# What would your first bremont be??



## iberfoptic

hi i really love the bremont range of watches and was justt wondering which bremont watch would you buy and why...


----------



## marchone

A U-2 would be my first choice because I use count-up bezels frequently, then the Solo second, both choices solely based on the simplicity and legibility of their designs.

OTOH, the new LE HMS Victory is a very clean design as a chronograph with retrograde seconds. Pricey though.


----------



## iberfoptic

Thanks for the reply march one keep them coming


----------



## pcanezo

The Supermarine with the blue/white sapphire bezel. A very refreshing look on a diver's watch.


----------



## iberfoptic

pcanezo said:


> The Supermarine with the blue/white sapphire bezel. A very refreshing look on a diver's watch.


Wish you had not said that as my head is wrecked between this watch and the mbii in orange!! lol


----------



## drickster

Alt-C1 for me


----------



## mattjmcd

I think that the MBII and SM500 watches are _the_ Bremont watches to own. Any Bremont will feature their signature aesthetics, which are great and fairly unique. Only the SM500 and MBII add the tech that IMO makes Bremont a value-added proposition like Sinn or Damasko. Besides, I think that the Supermarine is the best looking diver available today!


----------



## HR F1

My first Bremont was the blue/blue Supermarine 500:

























I sold it after owning it for less than a month, which is fairly rare on my part these days as I typically keep everything I buy. It was a really nice watch, but I just didn't bond with it. I have considered getting another, but in the black dial/mint green lume combination, but I'd like to take a look at the Supermarine 2000 first when it's released to see how it compares.


----------



## Doboji

Mine was the Alt1-Z/DG









My next might be the upcoming White Solo....


----------



## Doboji

mattjmcd said:


> I think that the MBII and SM500 watches are _the_ Bremont watches to own. Any Bremont will feature their signature aesthetics, which are great and fairly unique. Only the SM500 and MBII add the tech that IMO makes Bremont a value-added proposition like Sinn or Damasko. Besides, I think that the Supermarine is the best looking diver available today!


Which tech are you referring to?


----------



## downer

I think the MBII is the watch that defines the brand, and therefore, it is the first one to get.


----------



## MZhammer

No question, the SM500 Supermarine. Probably in that minty green


----------



## CaptLeslie

mattjmcd said:


> I think that the MBII and SM500 watches are _the_ Bremont watches to own. Any Bremont will feature their signature aesthetics, which are great and fairly unique. Only the SM500 and MBII add the tech that IMO makes Bremont a value-added proposition like Sinn or Damasko. Besides, I think that the Supermarine is the best looking diver available today!

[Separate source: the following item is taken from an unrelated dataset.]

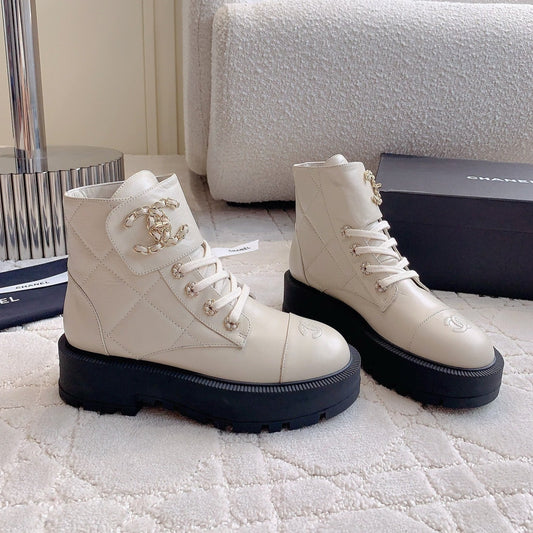 CHANEL Ankle Boots In White Beige Wrinkled Calfskin 145489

I also agree that the MBII and SM500 are the essence of the Bremont brand! Cheers Jim.







.


----------



## mattjmcd

Doboji said:


> Which tech are you referring to?


The soft iron inner case and the shock-resistent mount for the movement.


----------



## mattjmcd

CaptLeslie said:


> I also agree that the MBII and SM500 are the essence of the Bremont brand! Cheers Jim.
> 
> 
> 
> 
> 
> 
> 
> .


Thanks, Jim! Jim of course has THE coolest Bremont, but the price of admission is rather high, I reckon. Fly safe, sir.


----------



## nolanz14

mattjmcd said:


> I think that the MBII and SM500 watches are _the_ Bremont watches to own. Any Bremont will feature their signature aesthetics, which are great and fairly unique. Only the SM500 and MBII add the tech that IMO makes Bremont a value-added proposition like Sinn or Damasko. Besides, I think that the Supermarine is the best looking diver available today!

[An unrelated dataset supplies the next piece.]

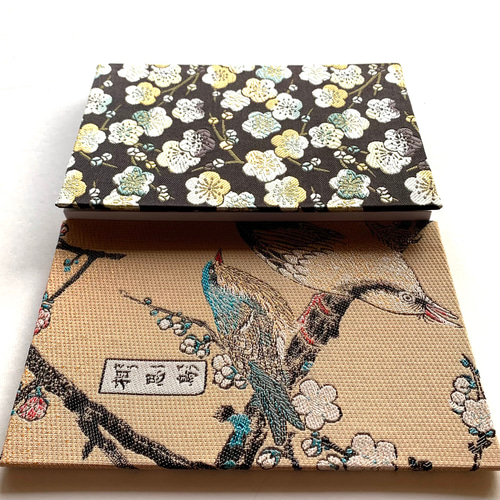 額 （ 絹織物・紅梅図） 梅に相思鳥と黄鳥』 額絵織物御朱印帳 金襴織物 B6 大判サイズ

Agreed (because those are the two I own..hee hee) and the added specs under the hood make these the ones to own. I also love the ALT1-C as mentioned in this thread.


----------



## Noodlefish

#womw 15.06.12 by Noodlefish, on Flickr

My first was an ALT1-C/CR. It remains my most-worn watch.

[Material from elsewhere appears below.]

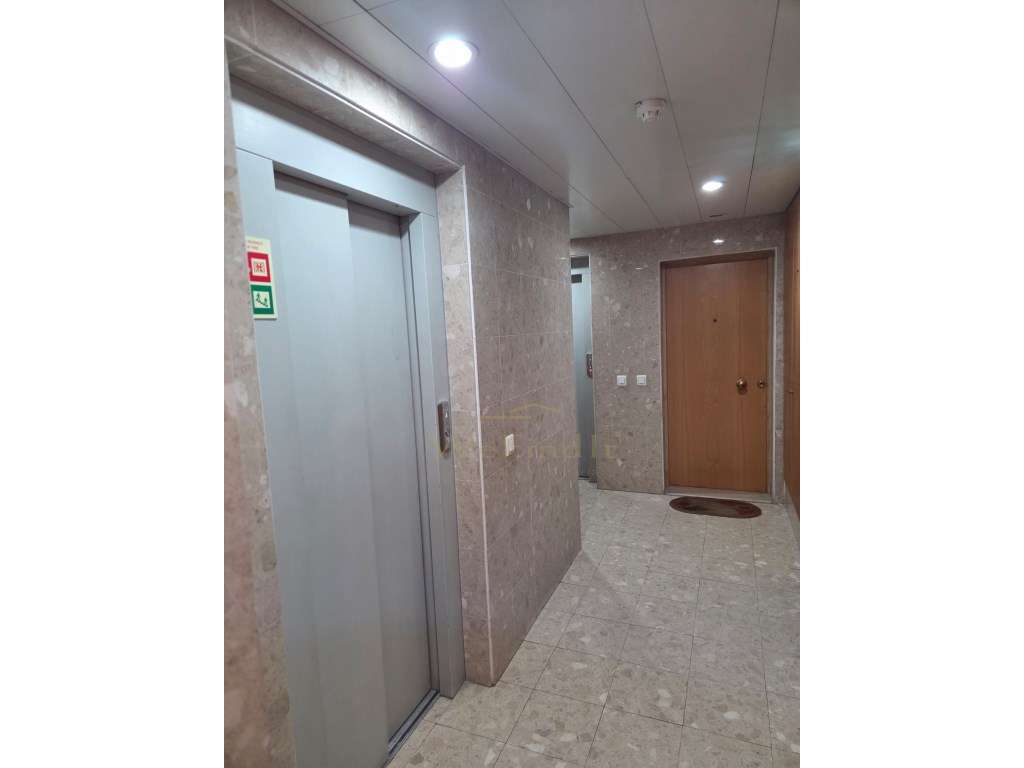 Excelente T3 no centro de Lisboa-21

But, like many who have posted above, I was quickly seduced by their next models, a blue S500 and orange MB2.

M


----------



## valdarrant

Mine was the MB II then ALT1C. All I need is a Supermarine and I will be a complete copycat of my main man Noodlefish who is responsible for my Bremont introduction


----------



## MatteBlack

The Alt1-Z on a bracelet. I tried one on the other day and was completely impressed. Love it when a watch has some weight to it, and this one definitely did. I'd get the dark gray face too.


----------



## Cybotron

This one.


----------



## jimyritz

Any of them...you want a very straightforward clean Pilot then a Solo or U2, diver-SM or how about a more traditional two subdial chrono-Alt1C or the World timer....Hard to go wrong...

Alt1c-cream..



or MBII..



Cheers
Mike


----------



## Horoticus

The MBII first grabbed my attention, then the SM500 but I ended up buying the U2 for it's clean and highly readable dial (i.e. bigger numbers for aging eyes :-d). And with a recent attraction to chronos, I now have the Alt1-P on my radar. Such is the life of a WIS...;-)

Loving it on the GGB!


----------



## kaiserphoenix

Definitely the MBII!! It was my first, just got it today!! It embodies ALL the uniqueness of what makes Bremont great! Ofcourse the others are great as well but the MBII comes with all that tech and great a story!


----------



## tlinn

MB would be my choice. I was lucky enough to be able to purchase a 1.5 at introduction.

T


----------



## tlinn

MB would be my choice. I was lucky enough to be able to purchase a 1.5 at introduction.

T


----------



## fasthandssam

Bremont makes this decision very difficult by having so many wonderful watches. I will probably start with a Supermarine because it may be the coolest diver available right now, excluding vintage Submariners. Everything about it screams build quality and excellent design. From the three part case to the swooping crown guard and everything in between, it is definitely a future classic.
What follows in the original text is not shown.